In Quebec, CN2i reduced their six daily newspapers to Saturday editions as of March. The move resulted in 143 temporary layoffs.

Sing Tao Daily Toronto, owned by Torstar, ended its weekly free print edition. Canadian Jewish News is closed its operations after 60 years. Winnipeg's The Jewish News and Post, established in 1925, became an online-only publication.

==Hong Kong==
The South China Morning Post announced on April 22, 2020, that it would introduce a package of cost-cutting and revenue-raising measures intended to weather the economic impact of the coronavirus pandemic. Twenty-seven senior executives had immediate pay cuts, higher paid staff were asked to take three weeks unpaid leave, salaries were frozen, and a limited number of redundancies were made. From August 2020 the newspaper announced it was bringing back its paywall to try to make up the revenue shortfall due to loss of advertising during the pandemic.

==India==
As of May 4, 2020, almost 100 journalists had tested positive for COVID-19 in India. Fifteen employees of the Jai Maharashtra news network had the virus, as did nineteen employees of the Punjab Kesari newspaper. Media watchers reported jobs losses, pay cuts, and shutting down of editions in various places in India.

==United Kingdom==
Many media organisations have reported slumps in advertising revenue as a result of the COVID-19 pandemic. The Secretary of State for Digital, Culture, Media and Sport, Oliver Dowden, said the pandemic had caused the "biggest existential crisis" in the history of the press, as local and national newspapers experienced circulation decline.

On March 20, 2020, the London business newspaper City A.M. suspended its print edition and announced it would halve its staff pay in April.

Independent Digital News and Media, the owner of The Independent and indy100 news websites, furloughed some of its staff and cut wages for employees.

BuzzFeed announced it was ending its news operations in the UK, as well as in Australia, partly due to a slump in advertising revenue due to the pandemic. Its ten news staff in the UK were furloughed in the cutback.

The newspaper group Reach plc, which owns titles including the Daily Mirror and Daily Express, reported a 30% fall in its revenues for April 2020. In July 2020 it announced that due to falling income it would cut 550 jobs.

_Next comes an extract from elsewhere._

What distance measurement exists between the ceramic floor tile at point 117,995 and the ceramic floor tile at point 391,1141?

By May 2020, 50 local newspapers had stopped appearing in print. Meanwhile, digital subscriptions to The Times newspaper significantly increased, according to its editor John Witherow. Amid the pandemic, the Daily Mail overtook The Sun as the largest-selling newspaper in the UK in May 2020.

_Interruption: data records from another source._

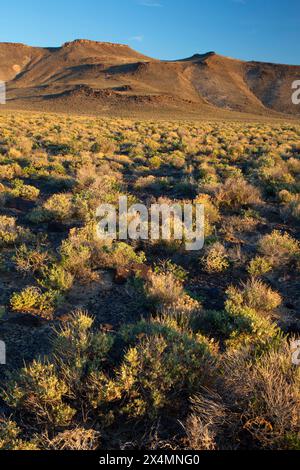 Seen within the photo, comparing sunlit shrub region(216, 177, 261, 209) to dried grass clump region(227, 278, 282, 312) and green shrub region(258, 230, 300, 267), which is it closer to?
green shrub region(258, 230, 300, 267)

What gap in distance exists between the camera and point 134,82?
303ft

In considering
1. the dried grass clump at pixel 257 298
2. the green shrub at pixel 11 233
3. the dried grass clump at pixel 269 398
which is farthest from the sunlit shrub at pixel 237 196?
the dried grass clump at pixel 269 398

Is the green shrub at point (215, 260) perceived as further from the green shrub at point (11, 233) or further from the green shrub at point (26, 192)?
the green shrub at point (26, 192)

In July 2020, The Guardian announced it would cut 180 jobs. Figures at the newspaper said that revenues would be £25 million less than the year's budget.

==United States==
The scale of the COVID-19 outbreak has prompted several major publishers to temporarily disable their paywalls on related articles, including Bloomberg News, The Atlantic, The New York Times, The Wall Street Journal, and The Seattle Times. Many local newspapers were already severely struggling before the crisis. Several alt weekly newspapers in affected metropolitan areas, including The Stranger in Seattle and Austin Chronicle, have announced layoffs and funding drives due to lost revenue. Advertisements concerning public events and venues accounted for a majority of revenue for alt-weekly newspapers, which was disrupted by the cancellation of large public gatherings. Online advertisements also dropped to avoid running ads next to COVID-19 coverage.